• **DATA UNDER STUDY**
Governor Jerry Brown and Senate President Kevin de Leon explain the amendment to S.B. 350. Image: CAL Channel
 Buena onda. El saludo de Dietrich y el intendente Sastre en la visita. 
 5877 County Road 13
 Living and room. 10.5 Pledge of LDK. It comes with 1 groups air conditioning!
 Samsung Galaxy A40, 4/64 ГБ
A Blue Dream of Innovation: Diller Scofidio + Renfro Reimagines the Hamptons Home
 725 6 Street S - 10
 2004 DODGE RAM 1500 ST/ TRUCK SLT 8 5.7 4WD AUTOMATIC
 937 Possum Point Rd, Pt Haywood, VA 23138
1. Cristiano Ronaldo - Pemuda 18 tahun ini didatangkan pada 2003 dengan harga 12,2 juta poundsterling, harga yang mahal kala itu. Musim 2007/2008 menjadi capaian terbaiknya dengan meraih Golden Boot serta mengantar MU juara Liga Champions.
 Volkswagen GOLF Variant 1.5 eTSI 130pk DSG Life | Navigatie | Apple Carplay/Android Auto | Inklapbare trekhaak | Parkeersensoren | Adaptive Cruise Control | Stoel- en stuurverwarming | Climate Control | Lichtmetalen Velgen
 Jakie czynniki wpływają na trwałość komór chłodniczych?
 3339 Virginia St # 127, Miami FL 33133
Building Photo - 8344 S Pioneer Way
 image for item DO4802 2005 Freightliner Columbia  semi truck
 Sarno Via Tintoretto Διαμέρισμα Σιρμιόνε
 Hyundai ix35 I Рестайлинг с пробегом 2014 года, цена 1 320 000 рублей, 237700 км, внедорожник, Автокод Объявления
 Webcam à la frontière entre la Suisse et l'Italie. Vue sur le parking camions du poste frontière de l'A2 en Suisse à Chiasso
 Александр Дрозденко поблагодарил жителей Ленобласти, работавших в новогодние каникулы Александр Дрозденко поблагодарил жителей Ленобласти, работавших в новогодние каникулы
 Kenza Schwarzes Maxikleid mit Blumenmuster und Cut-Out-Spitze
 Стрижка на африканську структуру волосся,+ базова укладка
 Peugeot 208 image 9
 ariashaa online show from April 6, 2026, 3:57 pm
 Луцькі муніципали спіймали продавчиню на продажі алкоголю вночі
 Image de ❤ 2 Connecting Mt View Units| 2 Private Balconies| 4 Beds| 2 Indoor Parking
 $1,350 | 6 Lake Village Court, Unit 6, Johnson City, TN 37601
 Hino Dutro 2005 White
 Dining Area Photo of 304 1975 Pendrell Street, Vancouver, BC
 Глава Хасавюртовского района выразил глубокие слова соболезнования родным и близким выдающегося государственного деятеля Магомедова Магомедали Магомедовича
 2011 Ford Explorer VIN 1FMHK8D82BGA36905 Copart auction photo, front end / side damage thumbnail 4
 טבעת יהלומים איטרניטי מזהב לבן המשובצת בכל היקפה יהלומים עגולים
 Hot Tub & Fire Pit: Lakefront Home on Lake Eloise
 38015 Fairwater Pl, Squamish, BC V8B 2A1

• **AIM OF THE TASK**
Leaving every word in place, output the whole listing above.

• **REPLY TO THE EXERCISE**
Governor Jerry Brown and Senate President Kevin de Leon explain the amendment to S.B. 350. Image: CAL Channel
 Buena onda. El saludo de Dietrich y el intendente Sastre en la visita. 
 5877 County Road 13
 Living and room. 10.5 Pledge of LDK. It comes with 1 groups air conditioning!
 Samsung Galaxy A40, 4/64 ГБ
A Blue Dream of Innovation: Diller Scofidio + Renfro Reimagines the Hamptons Home
 725 6 Street S - 10
 2004 DODGE RAM 1500 ST/ TRUCK SLT 8 5.7 4WD AUTOMATIC
 937 Possum Point Rd, Pt Haywood, VA 23138
1. Cristiano Ronaldo - Pemuda 18 tahun ini didatangkan pada 2003 dengan harga 12,2 juta poundsterling, harga yang mahal kala itu. Musim 2007/2008 menjadi capaian terbaiknya dengan meraih Golden Boot serta mengantar MU juara Liga Champions.
 Volkswagen GOLF Variant 1.5 eTSI 130pk DSG Life | Navigatie | Apple Carplay/Android Auto | Inklapbare trekhaak | Parkeersensoren | Adaptive Cruise Control | Stoel- en stuurverwarming | Climate Control | Lichtmetalen Velgen
 Jakie czynniki wpływają na trwałość komór chłodniczych?
 3339 Virginia St # 127, Miami FL 33133
Building Photo - 8344 S Pioneer Way
 image for item DO4802 2005 Freightliner Columbia  semi truck
 Sarno Via Tintoretto Διαμέρισμα Σιρμιόνε
 Hyundai ix35 I Рестайлинг с пробегом 2014 года, цена 1 320 000 рублей, 237700 км, внедорожник, Автокод Объявления
 Webcam à la frontière entre la Suisse et l'Italie. Vue sur le parking camions du poste frontière de l'A2 en Suisse à Chiasso
 Александр Дрозденко поблагодарил жителей Ленобласти, работавших в новогодние каникулы Александр Дрозденко поблагодарил жителей Ленобласти, работавших в новогодние каникулы
 Kenza Schwarzes Maxikleid mit Blumenmuster und Cut-Out-Spitze
 Стрижка на африканську структуру волосся,+ базова укладка
 Peugeot 208 image 9
 ariashaa online show from April 6, 2026, 3:57 pm
 Луцькі муніципали спіймали продавчиню на продажі алкоголю вночі
 Image de ❤ 2 Connecting Mt View Units| 2 Private Balconies| 4 Beds| 2 Indoor Parking
 $1,350 | 6 Lake Village Court, Unit 6, Johnson City, TN 37601
 Hino Dutro 2005 White
 Dining Area Photo of 304 1975 Pendrell Street, Vancouver, BC
 Глава Хасавюртовского района выразил глубокие слова соболезнования родным и близким выдающегося государственного деятеля Магомедова Магомедали Магомедовича
 2011 Ford Explorer VIN 1FMHK8D82BGA36905 Copart auction photo, front end / side damage thumbnail 4
 טבעת יהלומים איטרניטי מזהב לבן המשובצת בכל היקפה יהלומים עגולים
 Hot Tub & Fire Pit: Lakefront Home on Lake Eloise
 38015 Fairwater Pl, Squamish, BC V8B 2A1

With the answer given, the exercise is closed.